Orchestrating the Tangle: makefile-tangle
Why Tangling is Separate

The tangling process is an ideal candidate for GNU make (as is the weaving process, described elsewhere). However, while it is possible to encapsulate the weaving process entirely in a single makefile common to all directories, the same is not true for the tangling process. Tangling requires a knowledge not only of which source (.tei) files require tangling (which could be determined automatically) and what programming languages their code chunks are written in (which could be determined, or encoded), but also of external issues such as compiler parameters (directives, include files, libraries - which may differ in different operating system environments) and the intended location of use of the compiled output (especially relevant for gMLP VARKON MBS, the running of which may be incorporated back into the source documents).

For now at least, then (and I may change my mind later), I'll simply use a separate makefile in each directory. I'll call this the same thing in each directory, "makefile-tangle", but it may/probably will be different in each. The model here, which is the makefile-tangle for graphein itself, may be copied, modified, and used as necessary. This can be done either by literally copying and modifying "makefile-graphein" or by taking the gMLP source for the present section of this document. (This section has been written in a separate file, "makefile-tangle.tei-entity", which may be copied and used as a gMLP source.)

Once again, I'll use gMLP techniques to put the most important parts first. Perhaps more accurately, I'll put the tricky bit first.

Trickery, and a Script to Run It

An XML "SYSTEM entity" is an external piece of text (usually, and here, a file, though in theory not necessarily) encoded in a markup langauge defined by XML (such as the TEI). The graphein system allows the possibility of XML SYSTEM entities. They can be handy, for example, for cutting up a document into chapters, one chapter per system entity. (The present section of this chapter, for example, is sitting in an XML SYSTEM entity, just to make it separable from the rest of the chapter at a source level.) Because the graphein make (weaving) process automatically detects TEI files, XML system entities (which aren't standalone, but are incorporated as part of TEI files) can't have the ".tei" extension.

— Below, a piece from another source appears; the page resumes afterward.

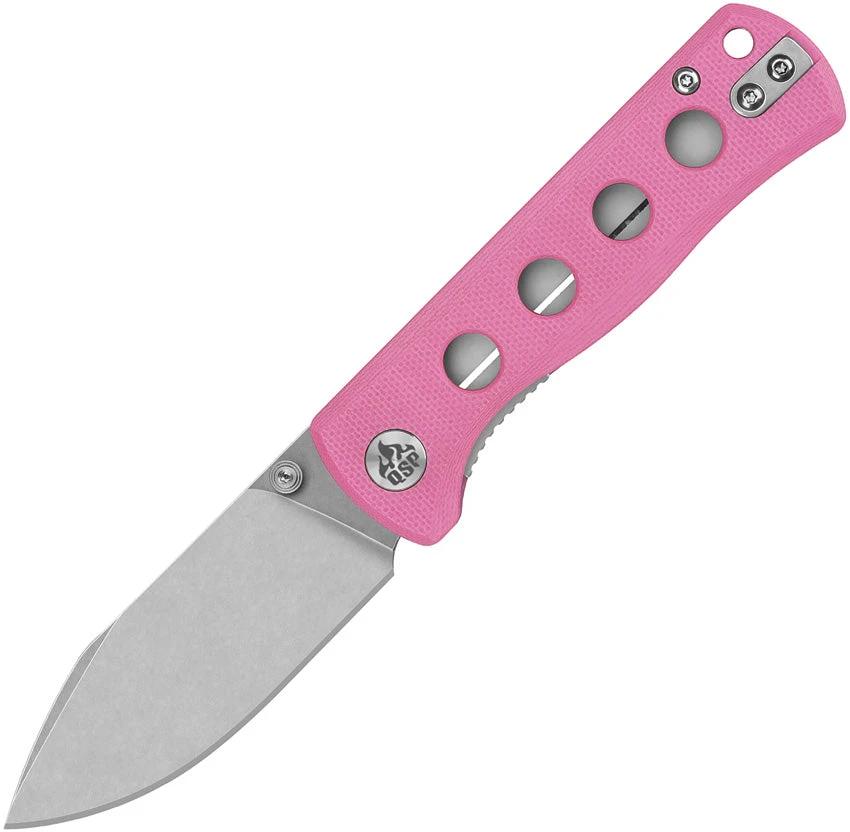 QSP Canary Linerlock Knife Pink G10 EDC Compact Stonewashed 14C28N Blade 3.75 In Closed by QSP Knife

By convention, graphein uses ".tei-entity" - clunky, but obvious.

The problem is detecting in the make process when a document has changed when only the .tei-entity" file referenced by the document has changed.

There's no way to do this with XSL. By the time the XSL processor sees the input, the XML parser has resolved and incorporated all SYSTEM entities. It must be done at XML parse time.

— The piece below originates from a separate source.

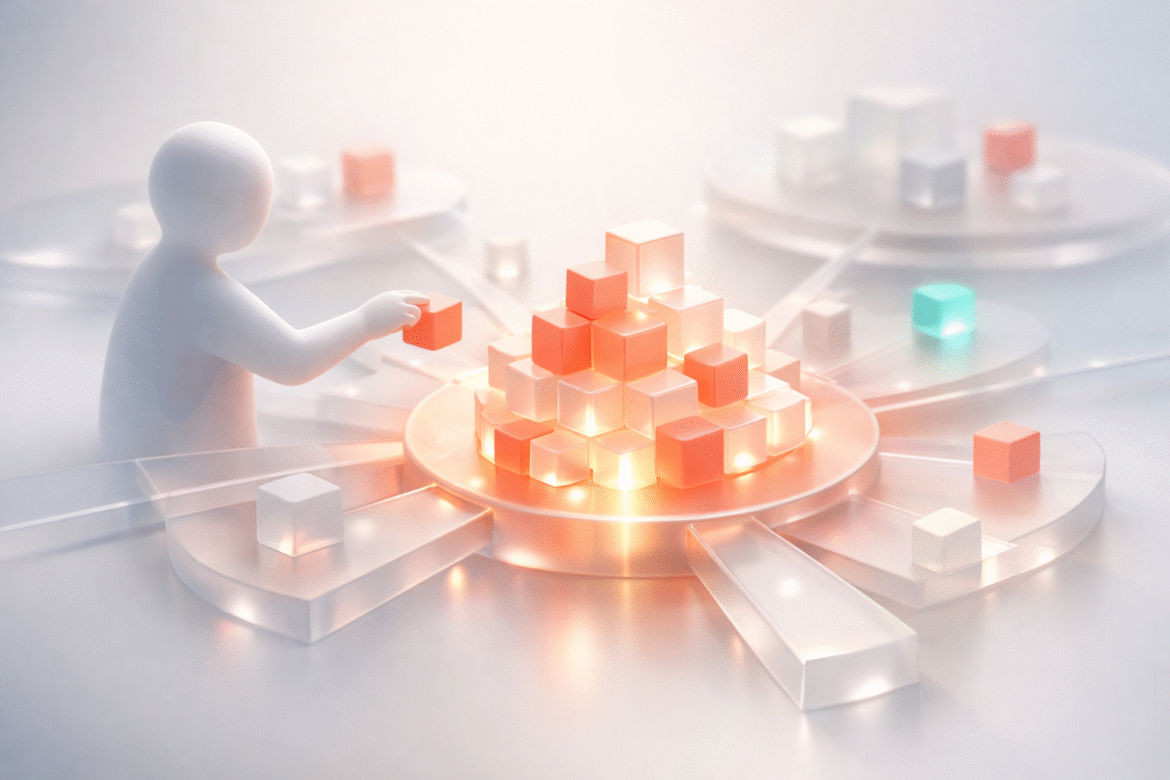 Glassmorphism scene of small learning blocks building a glowing hub, illustrating learning AI for small business in small steps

What I need, then, is a way which goes into a TEI file and detects all of the external SYSTEM entities it uses. Here's a bit of trickery to accomplish this:

xmllint --debug index.tei 2> /dev/null | \ awk '{if (substr($1,1,10) == "ENTITY_REF") { \ printf("%s.tei-entity ", substr($1,12,length($1)-12))}}'

What this does is use the xmllint tool to parse the TEI (and all of the SYSTEM entities it uses), outputting a parsed tree as if debugging. Any actual error messages are thrown away ("2> /dev/null" redirects stderr to the bit bucket). The rest of the tree is passed through an Awk script which detects those lines in the debugging output which are of the form "ENTITY_REF(entityname)" and returns only the "entityname" part. This is the base name of the external SYSTEM entity - add ".tei-entity" to it and the result is the filename.

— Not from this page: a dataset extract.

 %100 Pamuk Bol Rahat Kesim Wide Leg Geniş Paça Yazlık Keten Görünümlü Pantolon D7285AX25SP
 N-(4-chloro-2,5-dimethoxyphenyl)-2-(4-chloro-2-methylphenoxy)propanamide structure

Naively, I might just put this in the right-hand side of a GNU make rule, but that won't work. To do so, I'd put it in a GNU make "$(shell )" function call. But GNU make evaluates all functions at its invocation. By the time it gets around to working through the rule dependencies, all of the functions have been called already.

I could (and will) put this into a bit of bash shell code which cycles through all of the ".tei" files and, for each, cycles through all of the ".tei-entity" SYSTEM entities (if any). If any TEI file calls a SYSTEM entity that is newer than itself, I touch that file. This is enough to trigger a rebuild later.

The only trouble with this is that I can't figure out how to force GNU make to execute a particular target first. Unless I can do that, it may execute after other targets which are supposed to rely upon what it does - not good.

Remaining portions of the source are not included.